逆にサードやショートはコネ気味のやや強いゴロが多くなるのでライン際に寄ります。
レフトは内角高めのボールにスイングパスがあったときにはそこそこ強いライナーが飛ぶことがあるので、その打球をイメージして守ることが大事になります。
ちなみにセンターの守備力が高い場合はセンターゴロも取れます。
※追記
田口シフトでバッターがAのスイングの場合、センターは右中間を守ることになります。
基本的には左中間には打球が飛びません。
しかし、次の場合左中間に打球が飛んでしまいます。
・ピッチャーのボールが極端に遅い場合(相対的にバッターのレベルが上の場合)
・ピッチャーが真ん中高め、内角高めに失投した場合
・バッターが泳いだボールを前で捉えた場合
基本的にAは弱点が多いスイングなので、ピッチャーがしっかり投げ込めれば上記の心配はあまりありません。
しかし、私のチームではピッチャーをそのレベルまで育てきることができませんでした。
そこで考案したのが、Aでも比較的レベルが高いバッターの場合、セカンドが左中間を守ること。
これで左中間の打球が捕れます。
セカンドゴロはセンターかライトが1塁でアウトにしてくれるので、ピッチャーが安定するまでこれで行くことにしました。
7月の大会ではこのシフトがことごとく嵌まりました。
次にBタイプのシフトです。
Bタイプは外側のボールにスイングパスが合うと、右中間に強いフライが上がることがあります。
左中間に上がることはあまりありませんので、センターを右中間に寄せてしまいましょう。
セカンドはほぼ定位置でいいのですが、もしバッターの足が遅かったり、ライトの頭を超すほどのパワーが無さそうな場合は一二塁間の打球はライトに任せて、セカンドベースに寄ってしまいましょう。
そのあたりのことはこちらの記事に書いていますのでご覧ください。
また、強く引っ張れないバッターが多いので左方向へ強い打球が行くことは少ないです。
サードショートは思い切って前目を守りましょう。
以上の2パターンの田口シフトはあくまでも基本であって、ここにさらに様々な要素を踏まえて最終的なポジショニングを決定します。
たとえば以下のようなことも考慮します。
・バッターのスイングスピード。

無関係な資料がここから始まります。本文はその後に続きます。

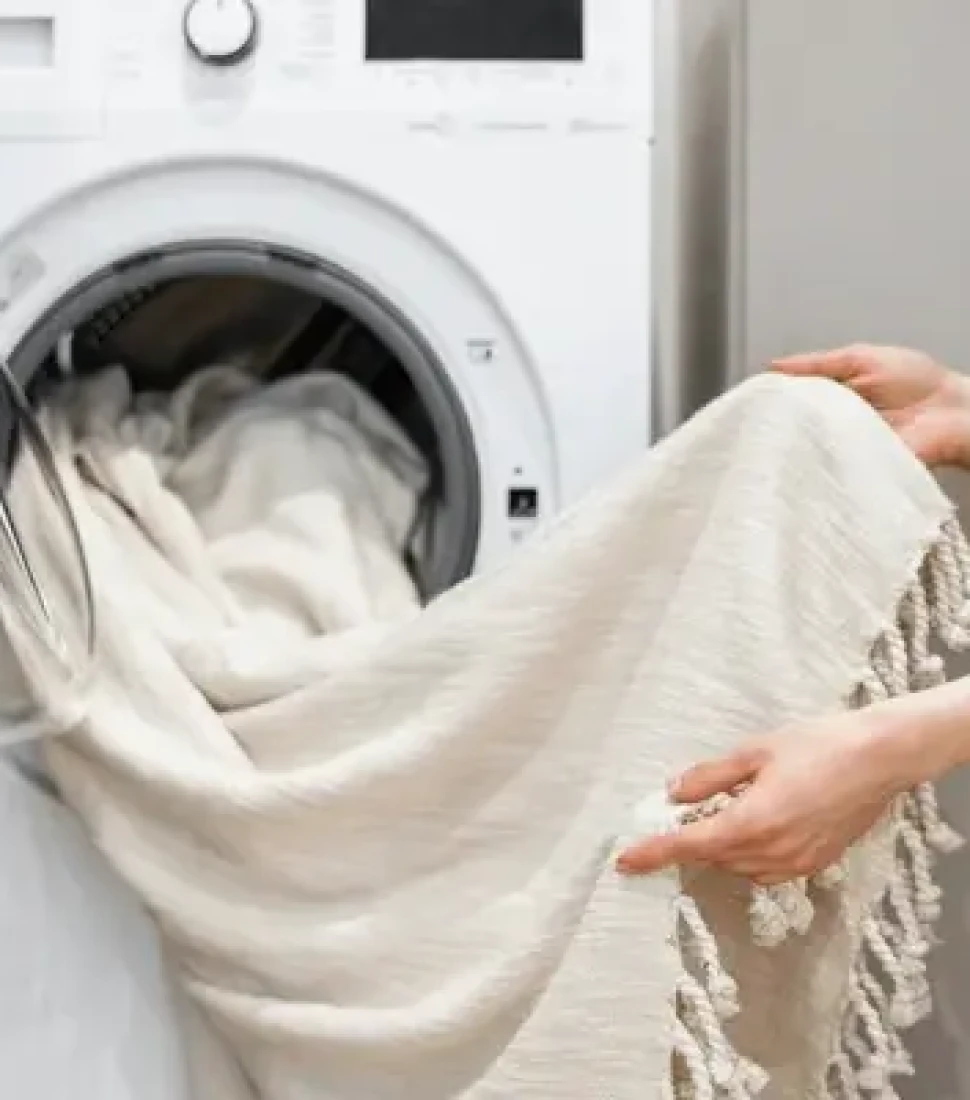 cropped-view-woman-unloading-laundry-600nw-2178807931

スイングスピードが速いとBタイプでも引っ張れる。
・会場の形態。 学校の校庭で試合をする場合はライトが浅いなど球場をは異なる特徴があることが多いため。
・野手の守備力。特にライトゴロを取れるかどうかはかなり気を遣う。
・バッターの走力。足が速い選手に対してはやはり内野手が若干前目に守る必要が出てくる。

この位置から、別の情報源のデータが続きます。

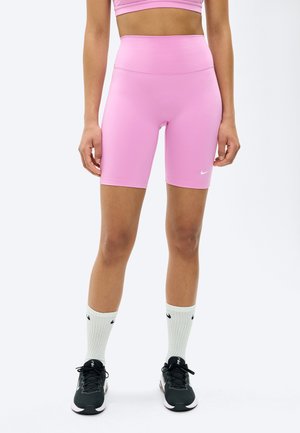 Kobieta ubrana w różowe, wysokie spodenki rowerowe, dopasowany krótki top, białe skarpetki Nike oraz czarne buty sportowe Nike, stoi na białym tle.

・風向きと風の強さ。特にAタイプのフライは切れていくので注意。
これらのことを瞬時に判断、さらには微調整を行っていかなくてはいけないので、はじめはなかなかうまくいかないことが考えられます。
また、Aタイプ・Bタイプの判別も慣れないと間違ってしまうことも多いでしょう。
しかし、訓練していけば必ずできるようになります。
練習試合などで繰り返していくうちに、判別も早くできるようになりますし、選手も次第に理解していきます。
チームで一人くらいはAタイプとBタイプの判別ができる選手が出てくるでしょうし、伝達もどんどん早くなっていきます。
私のチームでは記録員がスコアブックにA、Bなどを記入し、バッターが打席に入る前にベンチに伝え、ベンチメンバーが野手に伝えています。
野手もバッターの様子を見ながら、1球ごとに微調整できるようになっていくと思います。
さらにはバッテリーもこの情報を活かし、
「Aタイプだから徹底的に外を攻めよう」
「Bタイプだから決め球は内角で行こう」
などと配球に繋げられるようになると、よりこのシフトは効果を発揮していきます。
〇こんなに極端なシフトを敷いて大丈夫?大丈夫!!
田口シフトを敷いていると、左中間がかなり大きく空いていたり、一二塁間からセカンドが消えたりとかなり極端なポジショニングになることもあります。
そうなると相手ベンチから
「左中間がら空きだぞ!狙え!」
なんて声が上がることがあります。
人によってはそういった声に不安を感じるかもしれませんが、これはちょっと無理な話なんですね。
AタイプとBタイプの分類というのは、その試合の中で修正できるようなことではありません。
ちょっと振り遅れている選手がライト方向にファールを打ち、それに対して「遅れているからテイクバックを早めに取れ!」なんていうアドバイスとは話が全然違います。
修正するにはかなりの練習が必要なやっかいな癖なのです。
※ちなみに修正するなら宮川理論がおすすめです。
むしろ無理に空いているスペースを狙って打とうなどと考えるとスイングがおかしくなってしまう可能性が出てきます。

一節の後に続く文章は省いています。